Exercise aim => Would you retype the lines from the one that holds "Damen eleganter Teddy-Mantel" to the final line of the entries below, both ends included and exactly as written, but without pictures?

Material to process =>

*** Begin section ***

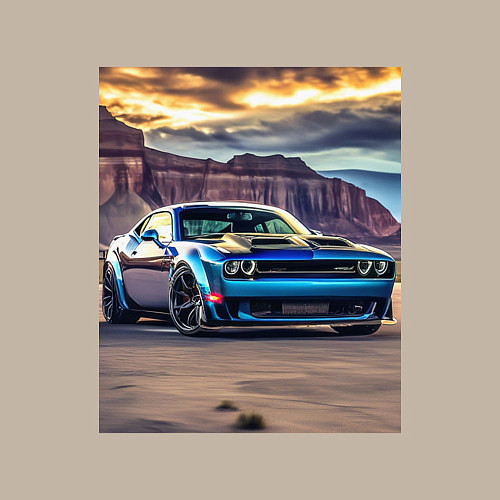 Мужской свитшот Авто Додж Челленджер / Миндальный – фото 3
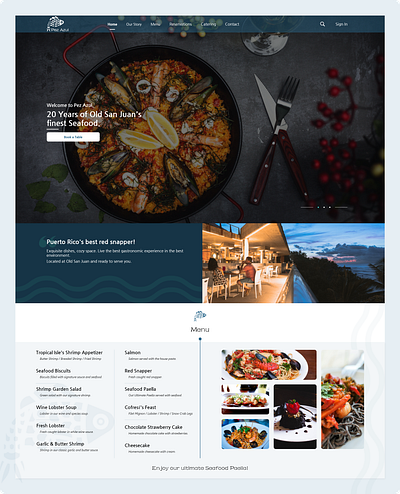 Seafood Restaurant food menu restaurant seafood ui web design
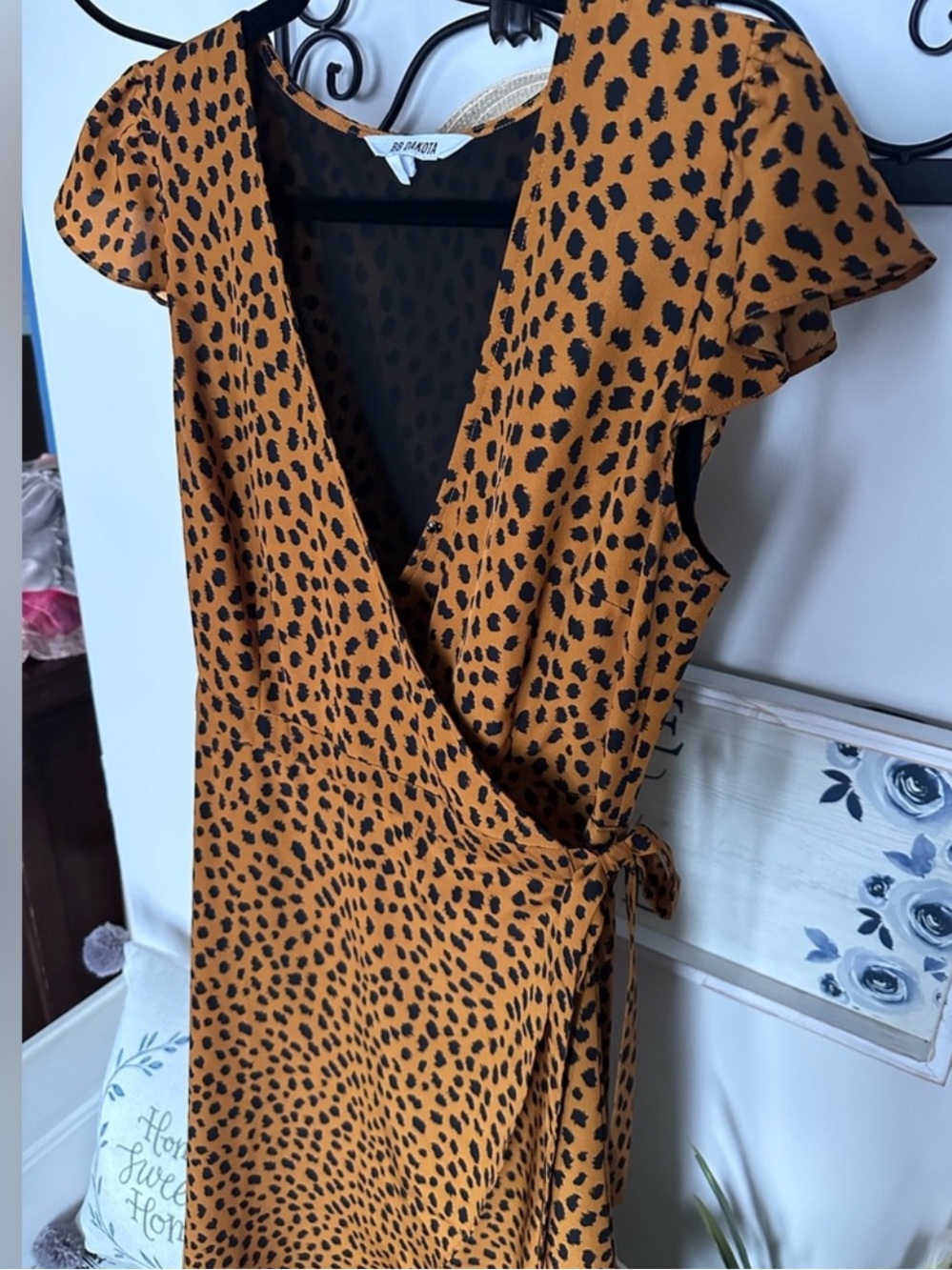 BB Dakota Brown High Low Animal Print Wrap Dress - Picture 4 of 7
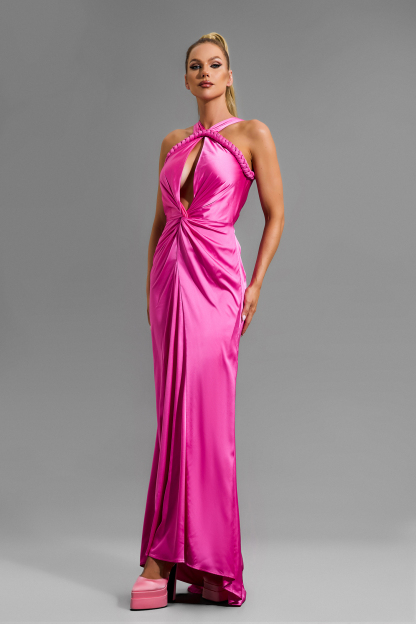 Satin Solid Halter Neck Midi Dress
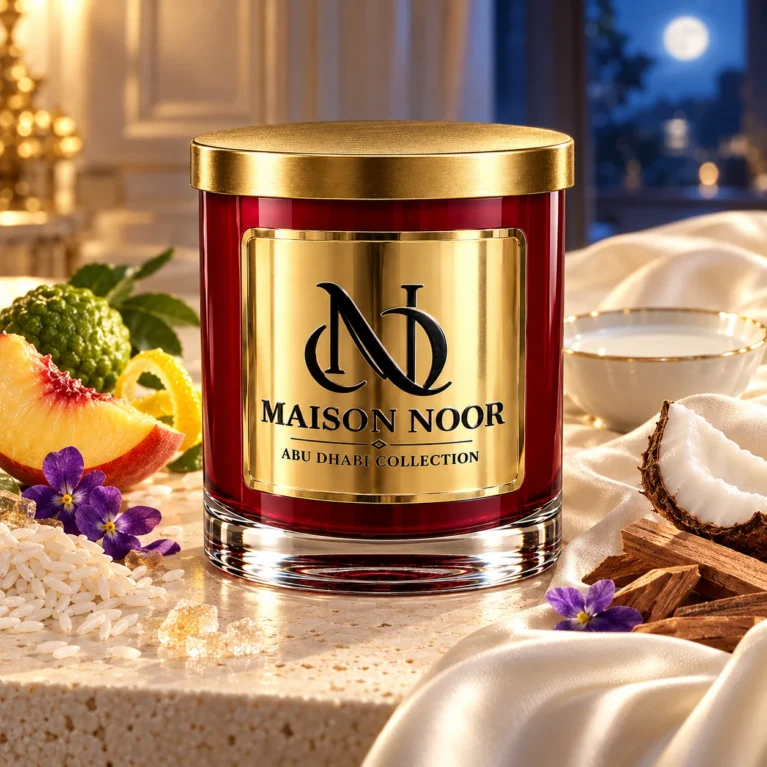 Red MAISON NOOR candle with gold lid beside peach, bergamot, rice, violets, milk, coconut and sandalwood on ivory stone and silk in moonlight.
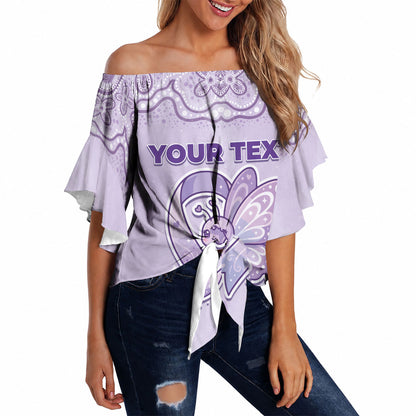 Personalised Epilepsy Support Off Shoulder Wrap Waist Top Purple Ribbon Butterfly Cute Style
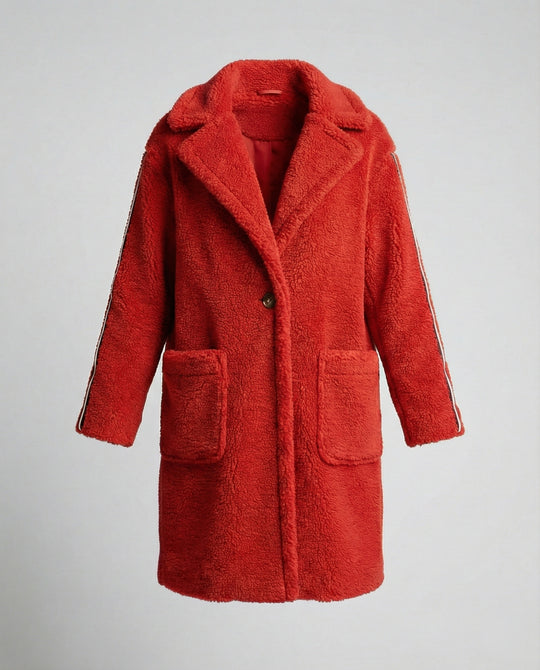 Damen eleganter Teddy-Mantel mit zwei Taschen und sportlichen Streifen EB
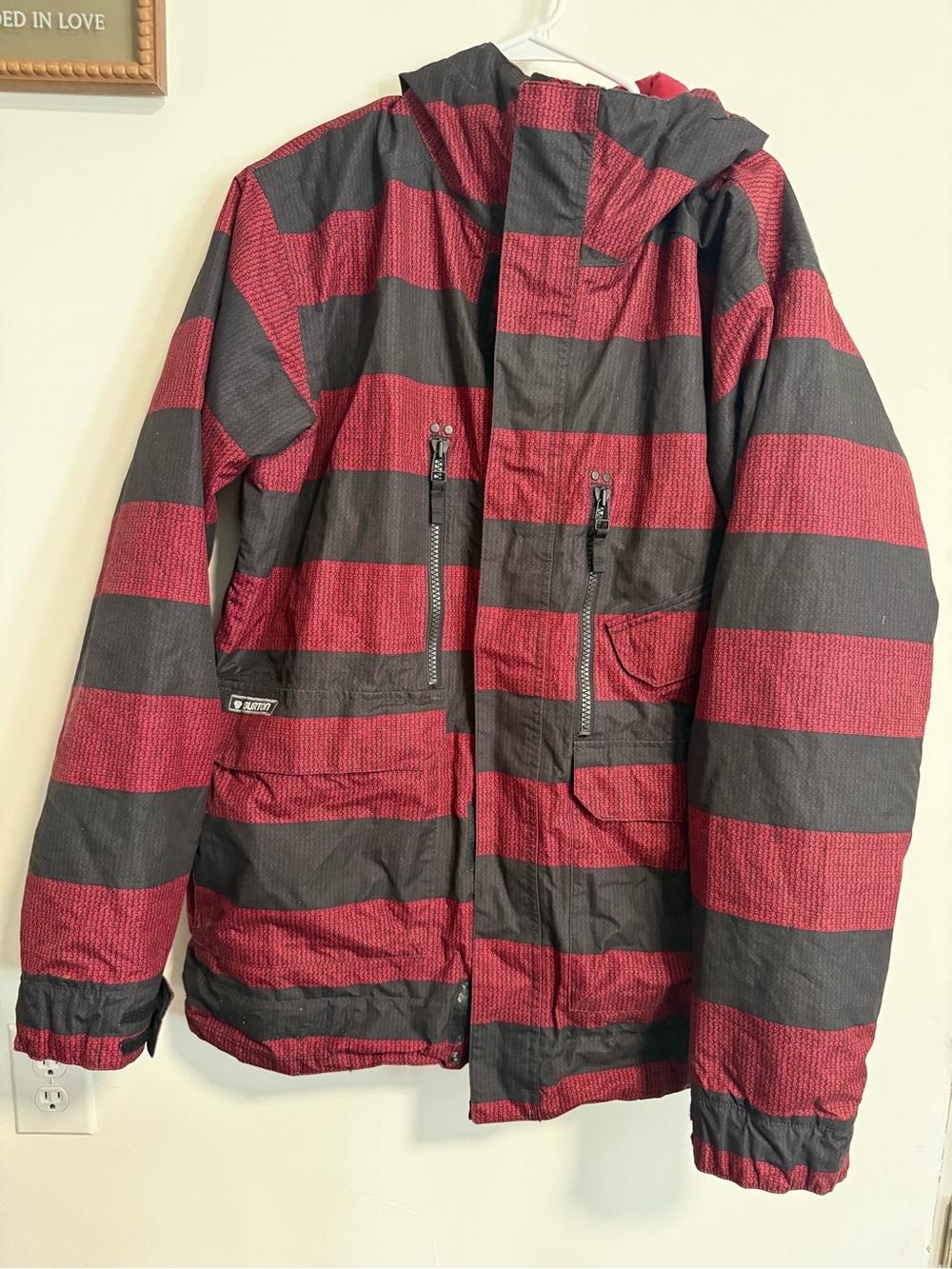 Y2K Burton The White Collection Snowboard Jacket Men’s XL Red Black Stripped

*** End section ***

Output for this exercise =>
 Damen eleganter Teddy-Mantel mit zwei Taschen und sportlichen Streifen EB
 Y2K Burton The White Collection Snowboard Jacket Men’s XL Red Black Stripped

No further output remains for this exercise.